[Start of Attachment]

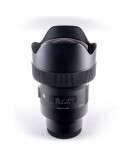 SIGMA 14mm f/1.8 DG...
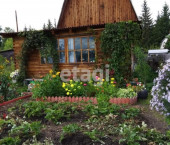 коттедж 30 кв м Array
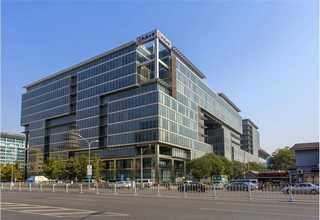 采购询比价采购软件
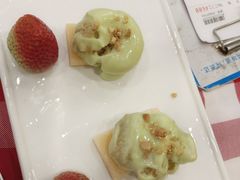 -粤盛海鲜平价店(洛溪食街店)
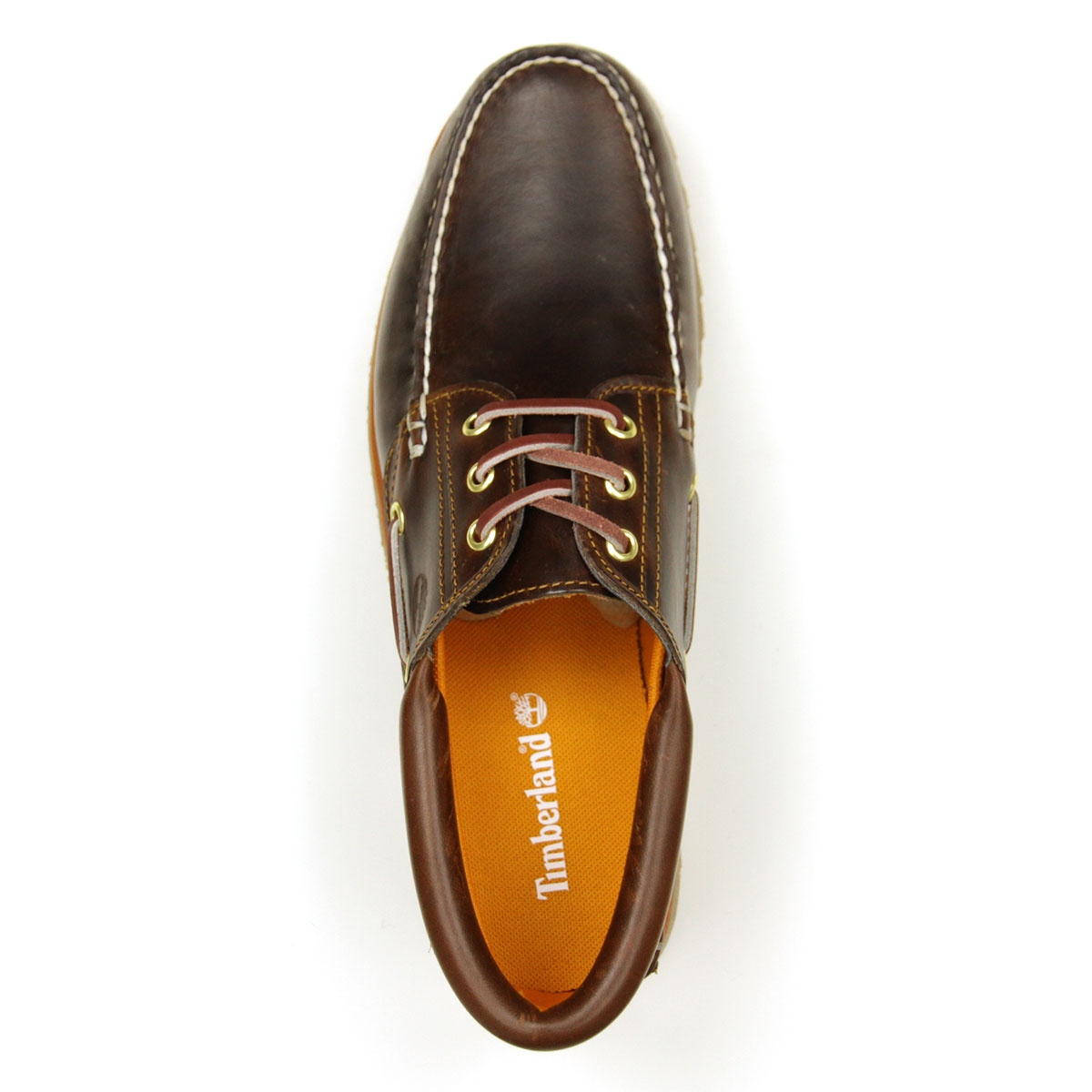 ƥС Timberland  ǥå塼 ؎ڎ ׎׎ Îގ 6500A A43B B1C C4D D2E E04F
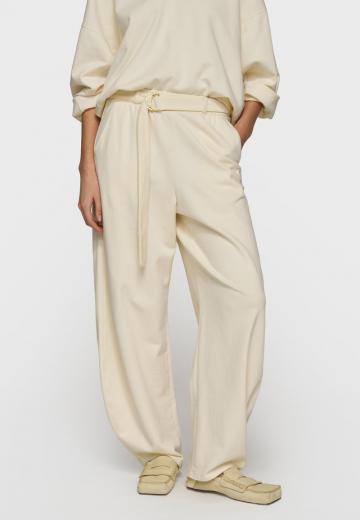 Спортивные штаны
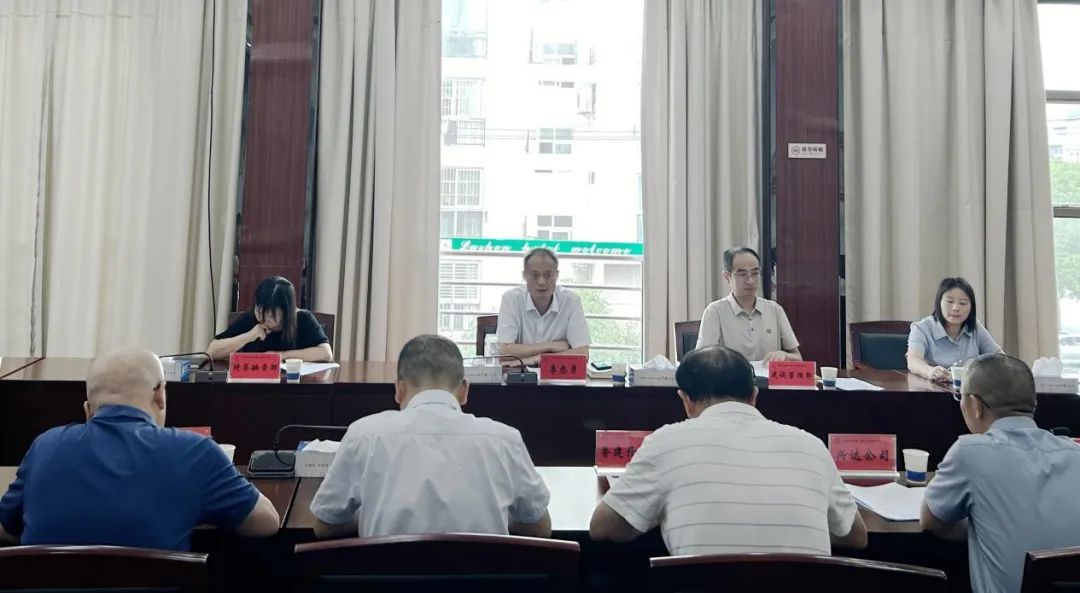 香港免费资料六曲大全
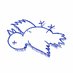 good flying bird (@dollerstore) Twitter profile photo good flying bird (@dollerstore) Twitter profile photo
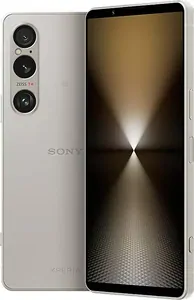 Замена сенсора на телефоне Sony Xperia 1 VI в Ростове-на-Дону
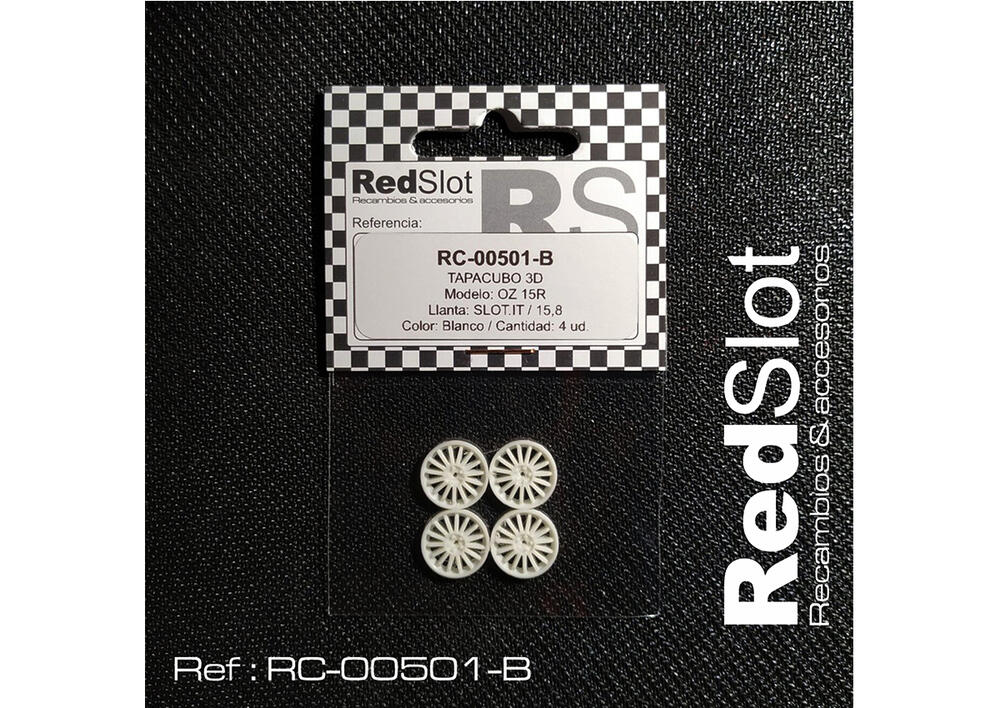 RED-RC00501B-01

[End of Attachment]

_WORK ORDER_.
Skip the images and restate each record above word for word.

_TASK RESULT_.
 SIGMA 14mm f/1.8 DG...
 коттедж 30 кв м Array
 采购询比价采购软件
 -粤盛海鲜平价店(洛溪食街店)
 ƥС Timberland  ǥå塼 ؎ڎ ׎׎ Îގ 6500A A43B B1C C4D D2E E04F
 Спортивные штаны
 香港免费资料六曲大全
 good flying bird (@dollerstore) Twitter profile photo good flying bird (@dollerstore) Twitter profile photo
 Замена сенсора на телефоне Sony Xperia 1 VI в Ростове-на-Дону
 RED-RC00501B-01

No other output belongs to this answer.